COP 17’s Durban Platform includes a commitment by governments to adopt a universal legal agreement on climate change. This will include an agreement on how to share the available “carbon space.”
The atmosphere can safely absorb a limited amount of carbon but there is not much of this space left and each country wants a piece of it.
While the debate around what constitutes a fair allocation of this space continues, South Africa is surging ahead with policies to mitigate its carbon emissions.
The National Climate Change Response White paper (http://www.environment.gov.za/PolLeg/WhitePapers/climatechange_whitepaper.htm) includes a carbon budget approach to allocate the country’s share of emissions within the economy. To help stay within these budgets various efforts to reduce emissions will be undertaken including the introduction of a carbon tax to shift behaviour away from carbon intensive activities.

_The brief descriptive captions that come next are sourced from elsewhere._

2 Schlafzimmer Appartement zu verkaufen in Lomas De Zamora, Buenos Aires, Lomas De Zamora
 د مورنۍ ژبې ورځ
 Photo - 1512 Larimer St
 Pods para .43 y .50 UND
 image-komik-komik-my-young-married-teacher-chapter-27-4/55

A discussion paper dealing with carbon taxes in South Africa was released in December 2010. The recent Budget review included a proposed implementation date and various design features. A revised carbon tax discussion paper is expected in May 2012. Until this is released uncertainty remains on how exactly the proposed carbon tax design features will be implemented.
The current proposal is to implement the tax in a number of phases. The first phase, from 2013/2014 to 2019/2020, will include an initial carbon tax at R120 per tonne of CO2e emitted that increases with 10% per annum. The tax will be levied on actual carbon dioxide equivalent (CO2e) emissions calculated using “agreed” methods. There is significant uncertainty regarding methodologies to measure direct CO2e emissions but the need for accurate emissions is unquestioned and ties in with the move to mandatory reporting outlined in the White paper.
Not everyone will have to pay the tax directly. A percentage-based emissions “threshold” will be set below which the tax will not be payable. Relief is suggested for trade-exposed firms and firms who have achieved significant carbon efficiency. Indirect exposure to the tax will depend on the extent to which costs are passed on to consumers.
Companies will be allowed to use offsets to reduce a portion of their carbon tax liabilities (ranging from 5 – 10% of their total emissions). Offsets present an opportunity for potential integration of the carbon pricing framework with local and international trading schemes but the market for offsets may be hampered if allowances and other support bring the price of carbon significantly below R120 per tonne of CO2e.
Linking the carbon tax to the carbon budget approach adopted in the National Climate Change Response White Paper may be difficult, but it is doable. The debate continues – we will have to wait and see what happens later in the year.